The finality should’ve made her happy. But you don’t get to choose your feelings, just like you don’t get to choose your family.

 

 

THE LAST WILL AND TESTAMENT OF REBECCA FINLEY

 

Larry

Larry Finley was not supposed to sell the house on Montreal Street, but he couldn’t live in it either. It said so in the will:

To Larry Finley I give my house on the condition that he does not (a) sell it or (b) listen to any music produced after 1952 in it or (c) paint it or (d) plant flowers anywhere in the front yard or (e) go into the attic or allow anyone else to enter the attic or (f) . . .

The will went on and on like that, almost a full alphabet of strange, mostly unexplained rules.

Larry thought the whole thing was stupid. If he couldn’t listen to his music in the house, he couldn’t move into it. And if he couldn’t live in a house or sell it, and if parts of it were off limits, and if the house came with more rules than a cult, what good, exactly, did it do him to inherit it? At first, a free house had sounded great, but now it just made him cranky.

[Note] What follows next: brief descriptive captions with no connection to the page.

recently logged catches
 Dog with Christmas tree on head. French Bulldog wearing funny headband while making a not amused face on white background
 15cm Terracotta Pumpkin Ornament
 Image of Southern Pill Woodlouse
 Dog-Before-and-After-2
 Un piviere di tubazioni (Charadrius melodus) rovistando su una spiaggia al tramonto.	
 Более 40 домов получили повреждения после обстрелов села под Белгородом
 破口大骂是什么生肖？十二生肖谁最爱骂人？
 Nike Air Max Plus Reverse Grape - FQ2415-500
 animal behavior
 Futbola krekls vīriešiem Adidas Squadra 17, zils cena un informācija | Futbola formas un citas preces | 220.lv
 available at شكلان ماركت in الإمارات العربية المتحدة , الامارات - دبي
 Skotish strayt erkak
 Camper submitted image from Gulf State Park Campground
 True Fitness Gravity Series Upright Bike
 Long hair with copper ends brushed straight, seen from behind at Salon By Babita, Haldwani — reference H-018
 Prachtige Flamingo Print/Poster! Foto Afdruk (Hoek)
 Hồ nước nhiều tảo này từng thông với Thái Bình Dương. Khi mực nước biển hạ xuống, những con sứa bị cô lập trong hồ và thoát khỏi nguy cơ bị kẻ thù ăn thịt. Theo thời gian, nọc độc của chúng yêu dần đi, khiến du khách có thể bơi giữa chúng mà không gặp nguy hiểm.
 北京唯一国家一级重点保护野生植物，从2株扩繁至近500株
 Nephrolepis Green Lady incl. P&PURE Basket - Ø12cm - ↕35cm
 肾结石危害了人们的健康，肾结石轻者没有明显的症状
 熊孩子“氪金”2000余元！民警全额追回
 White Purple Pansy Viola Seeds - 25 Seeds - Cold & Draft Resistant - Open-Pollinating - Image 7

On his way home from the lawyer’s office, he stopped by the deli counter at the grocery store for potato wedges. This was what he always did when he needed cheering up. It worked for two reasons: one, he liked potato wedges, and two, he liked Ang, the motherly cashier who always magically seemed to be working when he needed cheer-up wedges.

“Hey there, Larry. How’ll you be paying?” Ang always smiled at him like she was relieved to see him, like she’d been waiting for him and was worried he wouldn’t show. It made him feel like his presence, all by itself, was a good deed. He felt the same way about her and always kind of wished he could tell her that. “Cash?”

“Hey, Ang,” he said, digging into his pocket for his wallet. “Yeah, cash.”

“You okay, Larry?”

“Yeah, just . . . a little bit . . . grouchy. Sorry. I inherited a house today.”

Ang laughed through her nose. “Hate it when that happens.”